Le groupe allemand Volkswagen, premier constructeur mondial, vient de se faire prendre la main dans le pot de confiture aux États-Unis et va sans doute devoir payer des milliards de dollars (on parle d’une fourchette entre 10 et 18 milliards de dollars) à la justice américaine, qui reproche à Volkswagen d’avoir falsifié les contrôles antipollution à l’aide d’un logiciel détectant le moment où le véhicule était soumis à un test standard aux émissions polluantes. Depuis, le président-directeur général de Volkswagen America, Michael Horn, s’est excusé publiquement tout en avouant avoir « complètement merdé ».
Si la tricherie est indéniable, il est intéressant de comprendre en quoi consistent les tests standards, qui sont différents en Europe et aux États-Unis, le tout en prenant compte du contexte économique mondialisé.
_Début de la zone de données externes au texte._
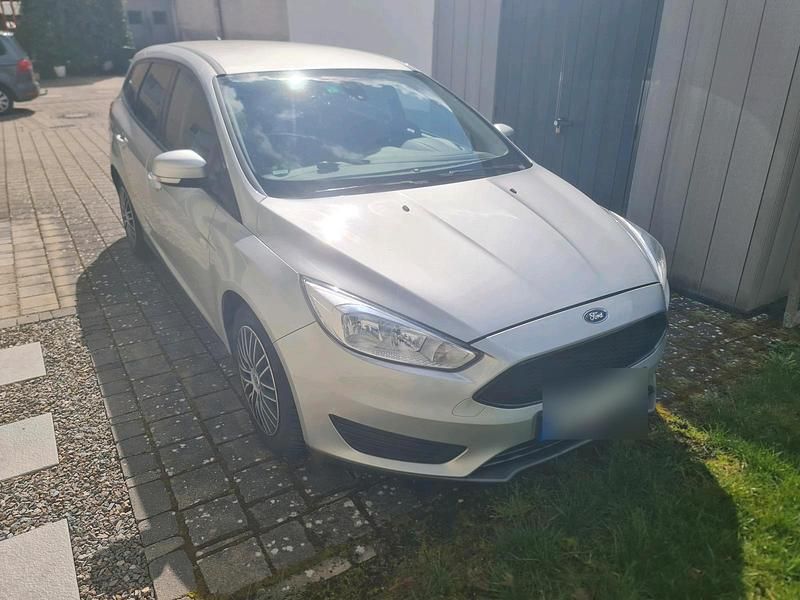 Gebraucht Ford Focus 105 PS (77 kW) 2015 Silber Kombi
Des carences dans les tests d’homologation
Ces tests sont de deux types : l’un dit «cycle d’essai», qui consiste à mettre le véhicule sur des rouleaux et lui faire suivre un cycle de roulement avec différentes vitesses et paliers. L’autre est un cycle en condition réelle. S’il est de notoriété publique que les chiffres de la consommation d’une voiture sur le papier sont souvent différents de la réalité, la faute est souvent mise sur le dos de l’automobiliste qui a le pied plus lourd qu’un ordinateur. Pourtant en 2006, un rapport de la Conférence européenne des ministres des Transports (CEMT), une organisation internationale relevant de l’OCDE et dont les ministres des Transports de l’époque s’étaient basés pour créer le Forum international des transports (FIT), a mentionné noir sur blanc les carences des tests standards tant la différence des résultats entre les deux types de tests était importante.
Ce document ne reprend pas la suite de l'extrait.